ALMATY (Reuters) - A court in the United States has ruled in favor of a Moldovan businessman seeking to enforce a $520 million arbitration award against Kazakhstan, a move that may pave way for the freezing of Kazakh assets in the United States.
The businessman, Anatolie Stati, has already had a number of court rulings in his favor in Europe in the case, which has led to the freezing of around $28 billion in Kazakh government and sovereign funds’ assets in several European countries.
The U.S. District Court for the District of Columbia issued its ruling in favor of Stati on March 23, Stati’s press office said in a statement on Monday.
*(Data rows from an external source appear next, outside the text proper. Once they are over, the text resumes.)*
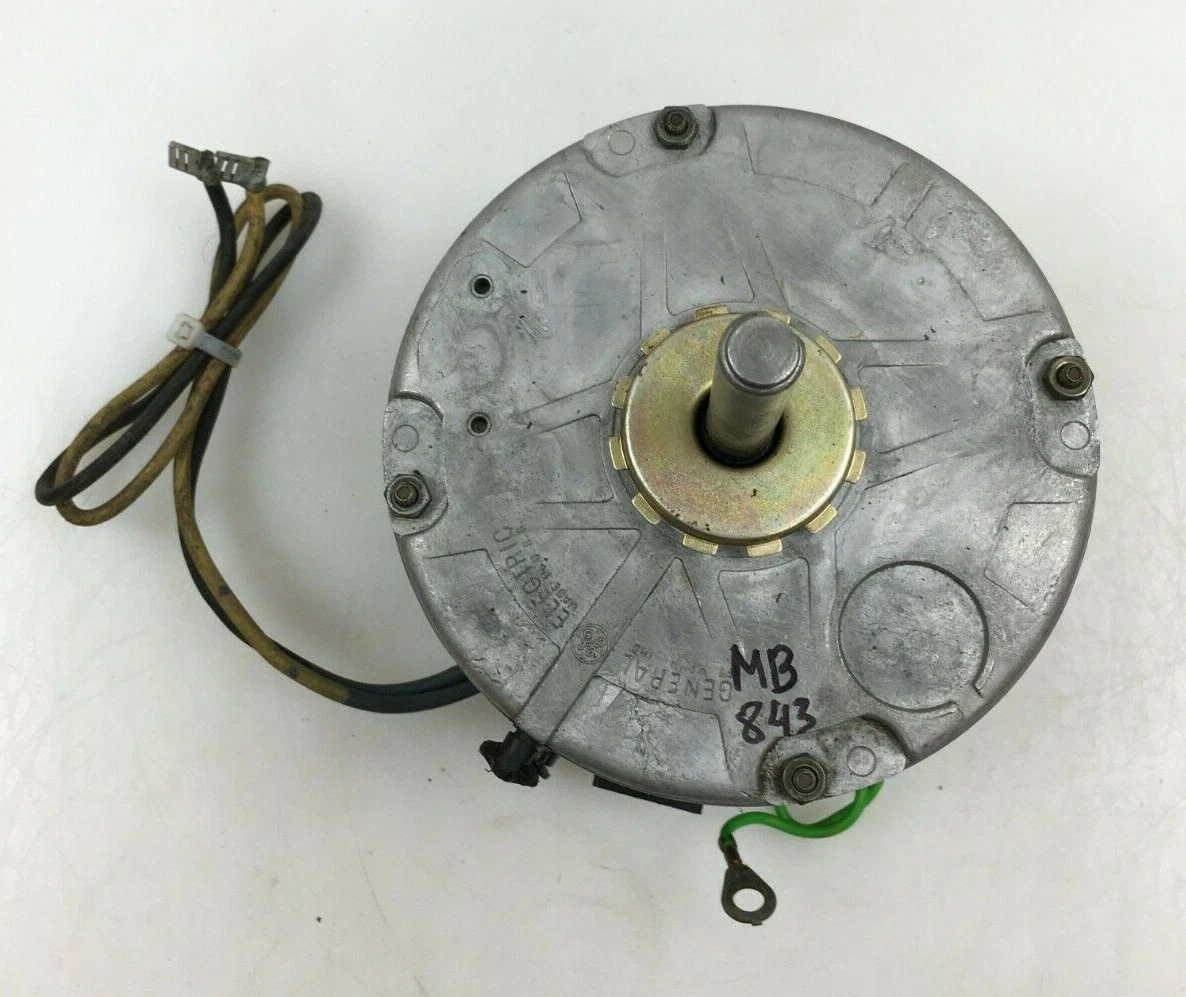Genteq 5KCP39HGD761BS 1/4HP 200/230V Blower Motor CPN 21A308557 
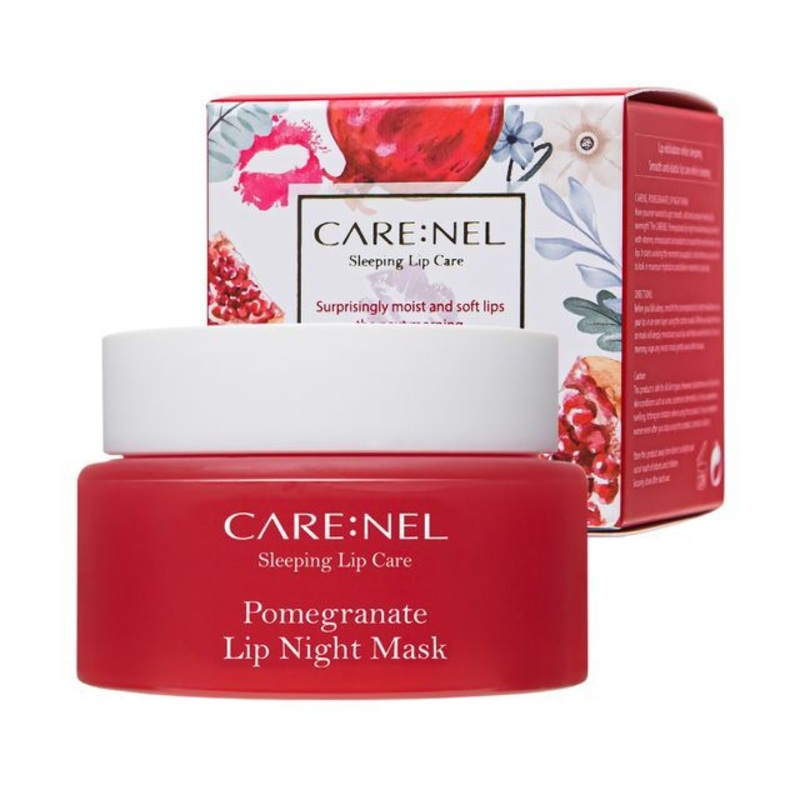 CARE:NEL - Pomegranate Lip Night Mask Jumbo | YesStyle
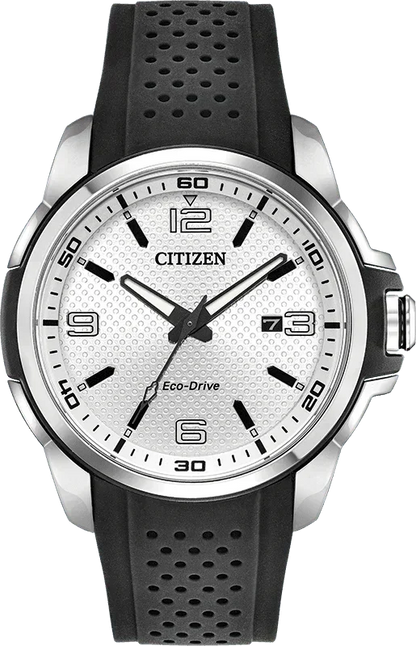 Citizen Action Required Eco-Drive Mens Watch AW1150-07A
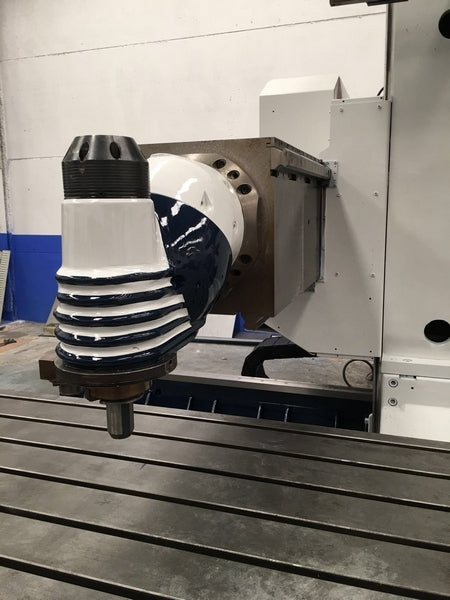 FRESADORA BANCADA FIJA SORALUCE SP-6000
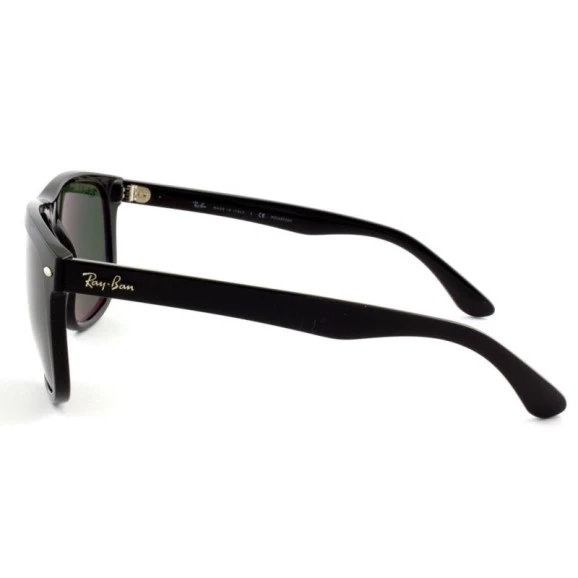 Óculos Ray Ban Boyfriend RB4147 Preto Brilho G-15 Polarizado 601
The court has also published the judge’s opinion on its website.
“With the entry of the U.S. judgment, the Stati Parties will be entitled to enforce that judgment, including by the attachment and seizure of Kazakhstan’s property located in the USA,” Stati’s press office said in an email.
“It will be entitled to take these steps even if Kazakhstan appeals the March 23 judgment, unless Kazakhstan posts security for the judgment,” Stati’s press office said.
During the enforcement stage of the case, the Stati Parties will be also entitled to compile a full list of Kazakh assets around the world from both Kazakhstan and third parties, the Stati press office said.
Stati, his son Gabriel and two family-controlled companies have been involved in legal battles with the Kazakh government of President Nursultan Nazarbayev for several years.
They invested in Kazakhstan’s oil and gas industry and have alleged that they were subjected to harassment from the state aimed at forcing them to sell their investments cheaply. They and two of their companies won an arbitration award of around $500 million in Sweden against the government.
Kazakhstan denies the allegations, says the arbitration was won through fraud, and has countersued in several countries.
Kazakhstan’s central bank, which manages a sovereign fund invested in U.S. securities, did not immediately reply to a request for comment on the court ruling on Monday.